Monsignor Giuseppe Pasotto nell'edicola Caritas all'Expo (foto di F. Scaglione).
Non tutti lo sanno ma la Georgia, che pur diede i natali a Stalin, è anche la terra in cui la Chiesa cattolica è presente da otto secoli con tre riti (latino, armeno e siro-caldeo). E la chiesa dei Santi Pietro e Paolo, nella capitale Tbilisi, fu anche l'unica, insieme con quella di San Luigi dei Francesi a Mosca, a restare sempre aperta nel periodo sovietico. In questa terra, e nel contesto travagliatissimo del Caucaso, lavora dal 1993 monsignor Giuseppe Pasotto, veronese, religioso stimmatino, che dal 1996 è Amministratore apostolico del Caucaso dei Latini, con un ruolo pastorale che si estende su Georgia, Armenia e Azerbaigian.
Pochi, dunque, conoscono come lui la realtà post-sovietica.
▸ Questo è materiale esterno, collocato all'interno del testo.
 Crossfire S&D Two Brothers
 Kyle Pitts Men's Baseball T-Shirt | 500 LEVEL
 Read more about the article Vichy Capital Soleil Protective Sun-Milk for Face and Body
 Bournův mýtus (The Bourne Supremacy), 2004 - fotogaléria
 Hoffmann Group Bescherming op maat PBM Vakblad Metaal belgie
Inevitabile quindi, incontrandolo all'Expo per il Caritas Day, partire dal più recente dei molti traumi caucasici: la guerra tra Russia e Georgia del 2008. Qual è la situazione oggi?
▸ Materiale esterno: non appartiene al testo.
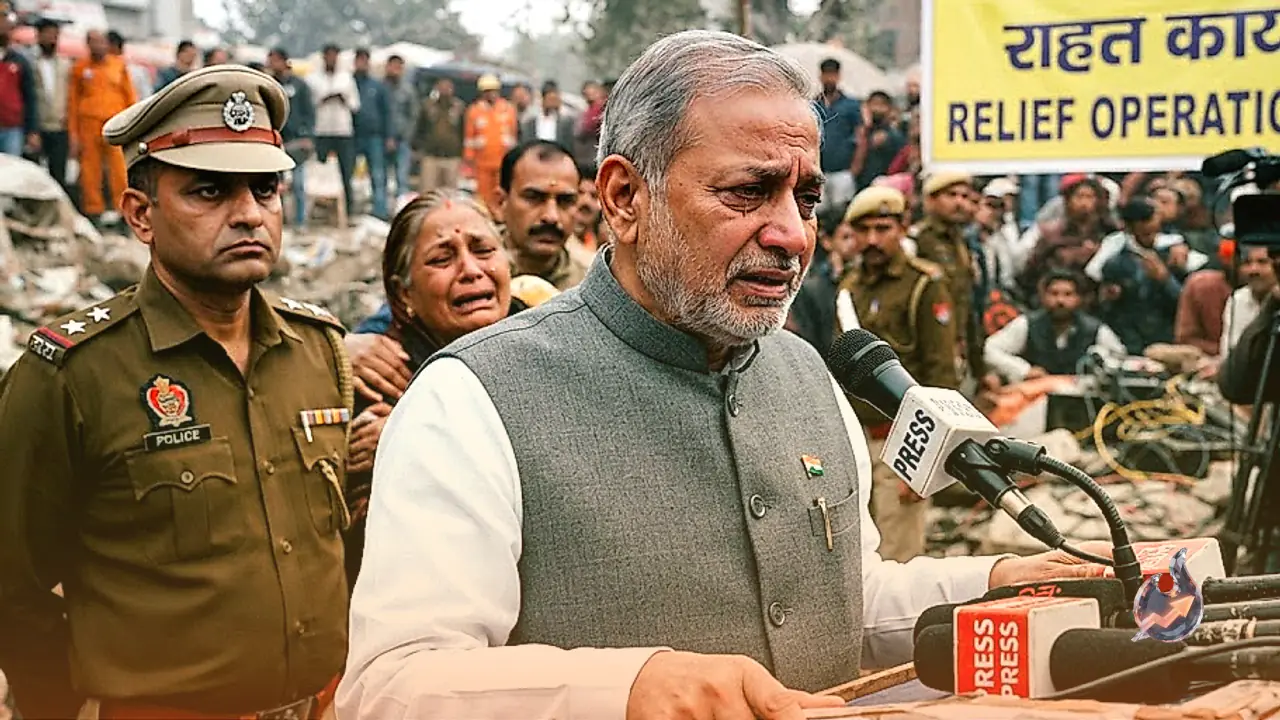 Yogi Adityanath Expresses Grief After Tragic Gwalior Truck Accident Kills 14 Devotees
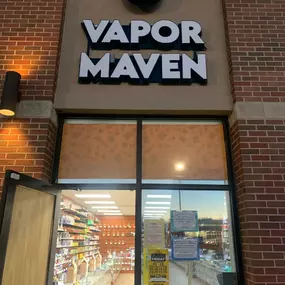 Bild von CoinFlip Bitcoin ATM - Vapor Maven - 90th St Omaha (Omaha)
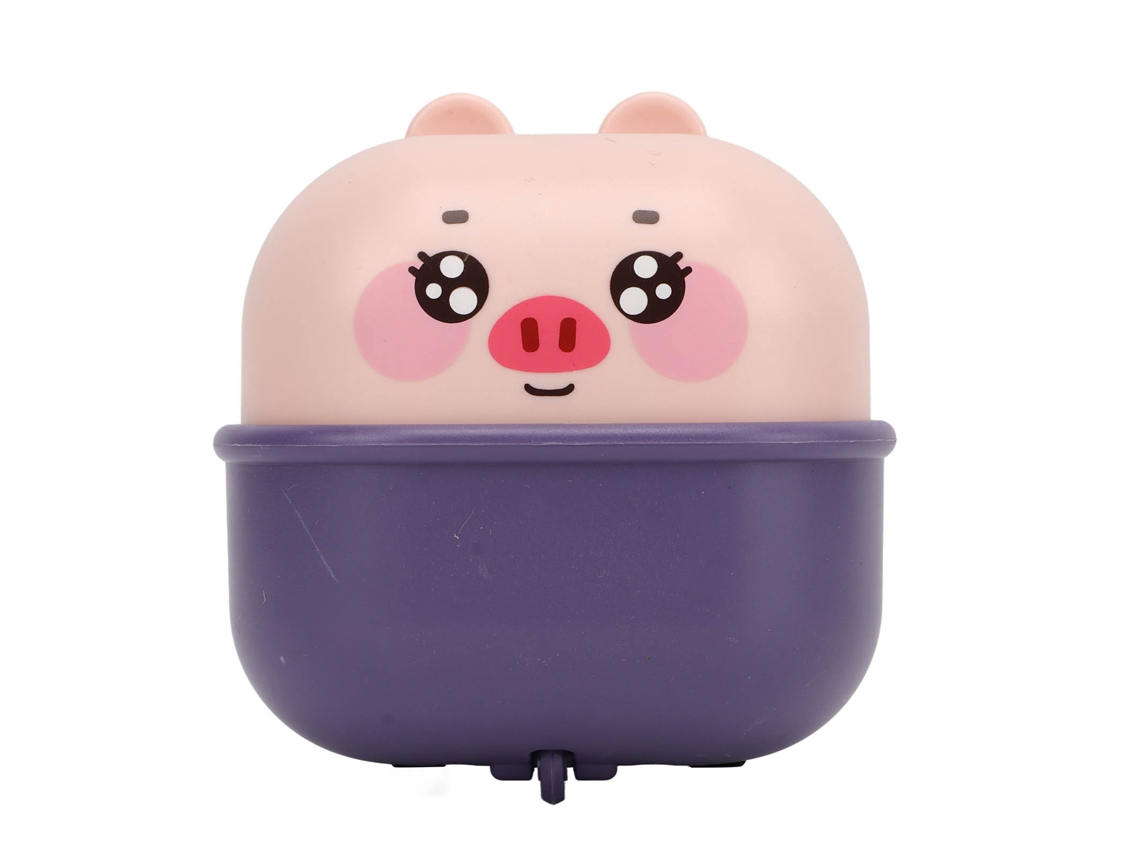 Mali carro de Brinquedo Infantil Inercial com Design de Animal para Bebês a Partir de 3 Anos Brincadeira Interativa Plástico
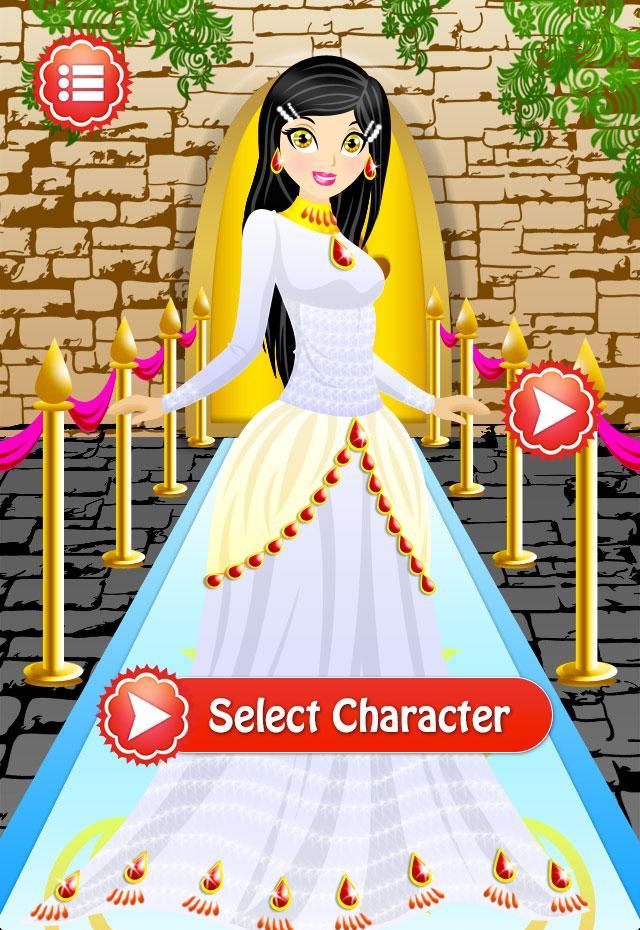Princess Dress up Game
"Dopo il conflitto, la situazione si è congelata ma, nello spirito di molti georgiani, non risolta. Il riconoscimento che la Russia ha dato all'Abkhazia e all'Ossetia brucia ancora. Per ragioni affettive, certo, ma anche per ragioni più concrete: la Georgia è piccola, perdere porzioni di territorio spaventa molti. Il nuovo orientamento portato dal presidente Margvelashvili, eletto nel 2013, ha cercato di costruire un buon rapporto con la Russia, nella speranza che i rapporti commerciali potessero far ripartire l'economia, tenendo però in piedi anche questioni delicate come l'adesione alla Nato o l'avvicinamento all'Europa. La situazione è migliorata ma non quanto le gente si aspettava. I risultati sono inferiori alle attese e sta montando un po' di delusione".
La Chiesa, in questo contesto, è molto attiva con le opere caritative e di sensibilità sociale. lei stesso ebbe a dire che la Caritas è un fiore all'occhiello della sua amministrazione apostolica...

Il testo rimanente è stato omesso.